According to kohlrausch's law, the equivalent conductance of an electrolyte at infinite dilution is equal to the sum of equivalent ionic conductance of cations and anions.
\[\wedge _{\infty }^{\circ }=\lambda _{c}^{\circ }+\lambda _{a}^{\circ }\]
Now, let's solve the problem,
Given, $\wedge {{_{\infty }^{\circ }}_{Nacl}}$= 126.45$oh{{m}^{-1}}c{{m}^{2}}e{{q}^{-1}}$
$\wedge {{_{\infty }^{\circ }}_{HCl}}$= 426.16$oh{{m}^{-1}}c{{m}^{2}}e{{q}^{-1}}$
$\wedge {{_{\infty }^{\circ }}_{C{{H}_{3}}COONa}}$ = 91$oh{{m}^{-1}}c{{m}^{2}}e{{q}^{-1}}$
From kohlrausch's law ,
\[\wedge _{\infty }^{\circ }=\lambda _{c}^{\circ }+\lambda _{a}^{\circ }\]
So, applying this
\[\wedge {{_{\infty }^{\circ }}_{NaCl}}=\lambda _{N{{a}^{+}}}^{\circ }+\lambda _{C{{l}^{-}}}^{\circ }\] -equation 1
\[\wedge {{_{\infty }^{\circ }}_{HCl}}=\lambda _{{{H}^{+}}}^{\circ }+\lambda _{C{{l}^{-}}}^{\circ }\] -equation 2
\[\wedge {{_{\infty }^{\circ }}_{C{{H}_{3}}COONa}}=\lambda _{N{{a}^{+}}}^{\circ }+\lambda _{C{{H}_{3}}CO{{O}^{-}}}^{\circ }\] -equation 3
We know that,
\[\wedge {{_{\infty }^{\circ }}_{C{{H}_{3}}COOH}}=\lambda _{{{H}^{+}}}^{\circ }+\lambda _{C{{H}_{3}}CO{{O}^{-}}}^{\circ }\] -equation 4
Firstly, add equation 3 and equation 2 then subtract equation 1
\[\wedge {{_{\infty }^{\circ }}_{C{{H}_{3}}COONa}}+\wedge {{_{\infty }^{\circ }}_{HCl}}-\wedge {{_{\infty }^{\circ }}_{NaCl}}=\lambda _{N{{a}^{+}}}^{\circ }+\lambda _{C{{H}_{3}}CO{{O}^{-}}}^{\circ }+\lambda _{{{H}^{+}}}^{\circ }+\lambda _{C{{l}^{-}}}^{\circ }-(\lambda _{N{{a}^{+}}}^{\circ }+\lambda _{C{{l}^{-}}}^{\circ })\]On solving this,
\[\wedge {{_{\infty }^{\circ }}_{C{{H}_{3}}COONa}}+\wedge {{_{\infty }^{\circ }}_{HCl}}-\wedge {{_{\infty }^{\circ }}_{NaCl}}=\lambda _{C{{H}_{3}}CO{{O}^{-}}}^{\circ }+\lambda _{{{H}^{+}}}^{\circ }\]

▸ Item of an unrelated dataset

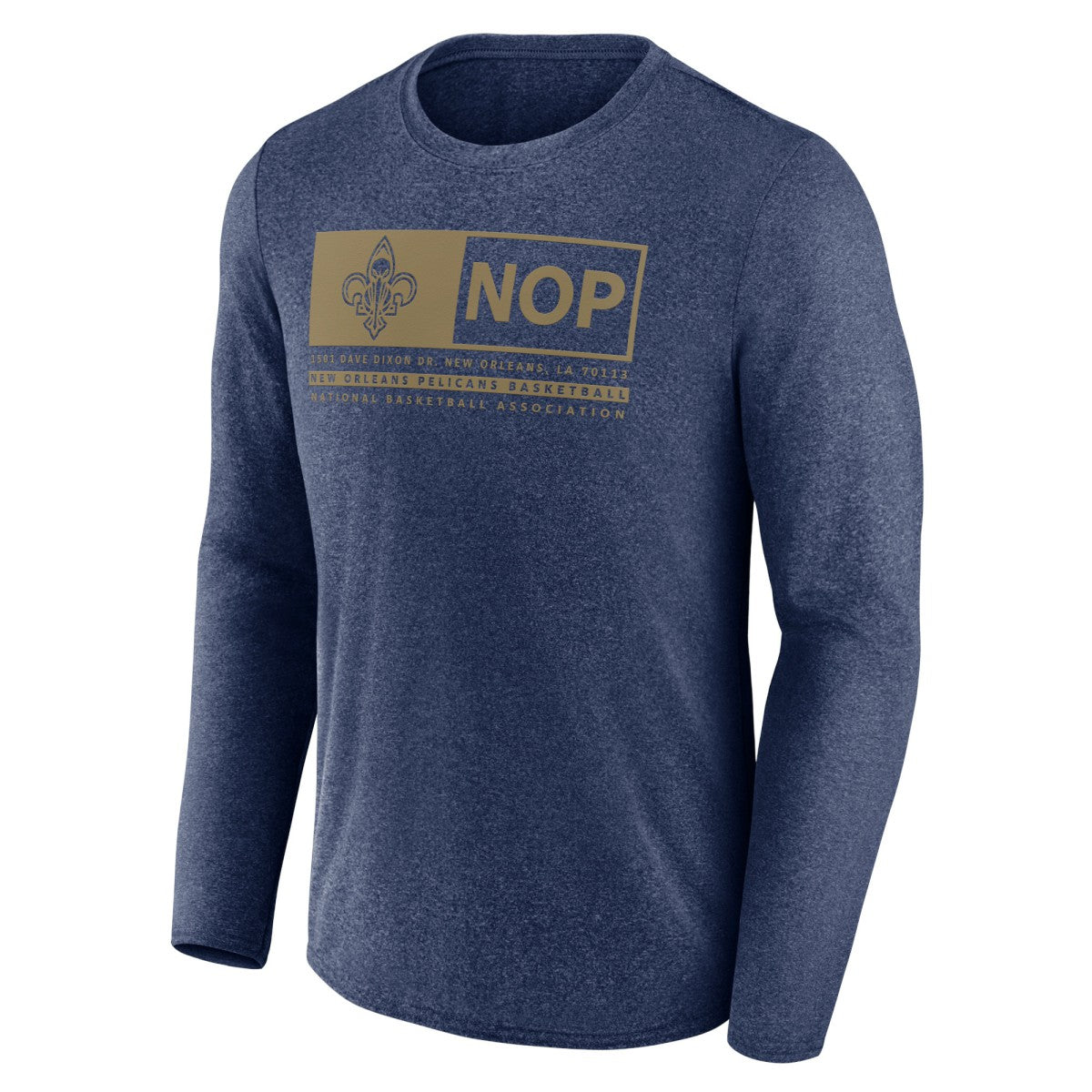 New Orleans Pelicans Three-Point Play T-Shirt Heather Navy - Fanatics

From equation 4, we know that \[\wedge {{_{\infty }^{\circ }}_{C{{H}_{3}}COOH}}=\lambda _{{{H}^{+}}}^{\circ }+\lambda _{C{{H}_{3}}CO{{O}^{-}}}^{\circ }\]
\[\wedge {{_{\infty }^{\circ }}_{C{{H}_{3}}COONa}}+\wedge {{_{\infty }^{\circ }}_{HCl}}-\wedge {{_{\infty }^{\circ }}_{NaCl}}=\wedge {{_{\infty }^{\circ }}_{C{{H}_{3}}COOH}}\] - equation 5
Now substituting the value of $\wedge {{_{\infty }^{\circ }}_{Nacl}}$, $\wedge {{_{\infty }^{\circ }}_{HCl}}$and $\wedge {{_{\infty }^{\circ }}_{C{{H}_{3}}COONa}}$ in equation 5
\[91+426.16-(126.45)=\wedge {{_{\infty }^{\circ }}_{C{{H}_{3}}COOH}}\]
\[390.71=\wedge {{_{\infty }^{\circ }}_{C{{H}_{3}}COOH}}\]

Thus option C is the correct answer.

Note: Be thorough with the concept of equivalent conductance. The kohlrausch's law also can be defined in terms of molar conductance, It will be almost similar to it. so, don't confuse it with both definitions of kohlrausch's law. This law is applied to find degree of dissociation, molar conductance and equivalent conductance.